#### Supplied material
________________

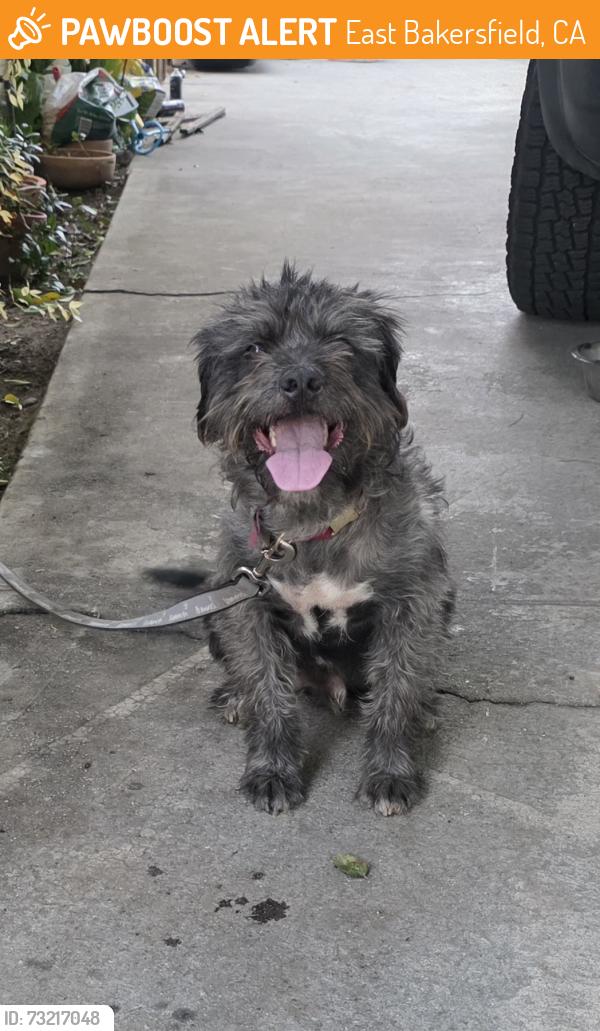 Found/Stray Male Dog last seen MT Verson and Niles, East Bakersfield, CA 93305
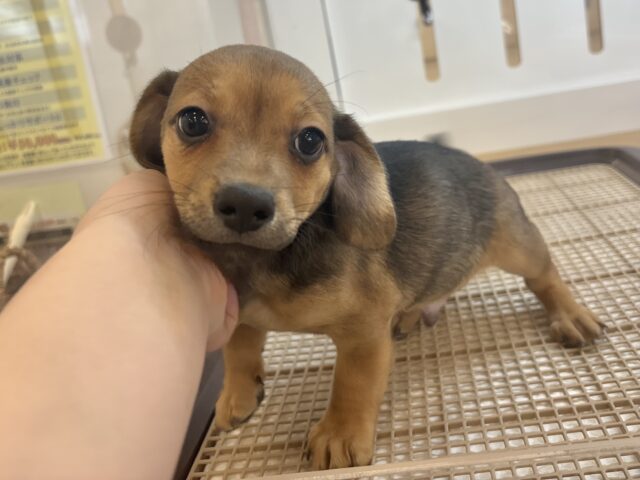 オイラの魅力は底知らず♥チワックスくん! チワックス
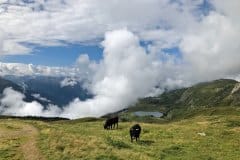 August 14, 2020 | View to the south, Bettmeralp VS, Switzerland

________________

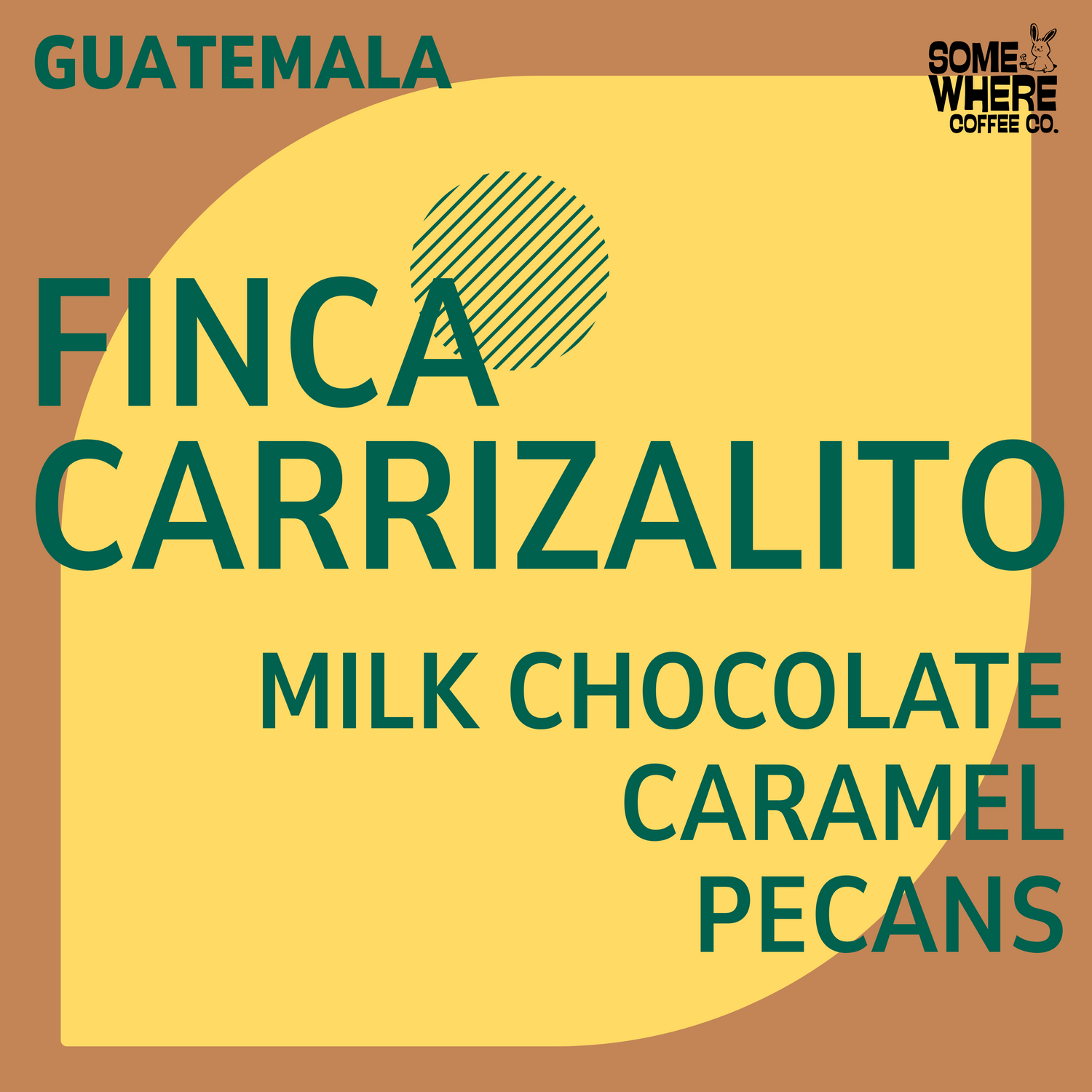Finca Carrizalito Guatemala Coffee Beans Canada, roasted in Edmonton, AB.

________________

#### What is being asked
Using the data above, give again exactly the lines starting at the one holding "Found/Stray Male Dog" and ending at the one holding "August 14, 2020", inclusive, and nothing more. Omit the pictures.

#### Written response
 Found/Stray Male Dog last seen MT Verson and Niles, East Bakersfield, CA 93305
 オイラの魅力は底知らず♥チワックスくん! チワックス
 August 14, 2020 | View to the south, Bettmeralp VS, Switzerland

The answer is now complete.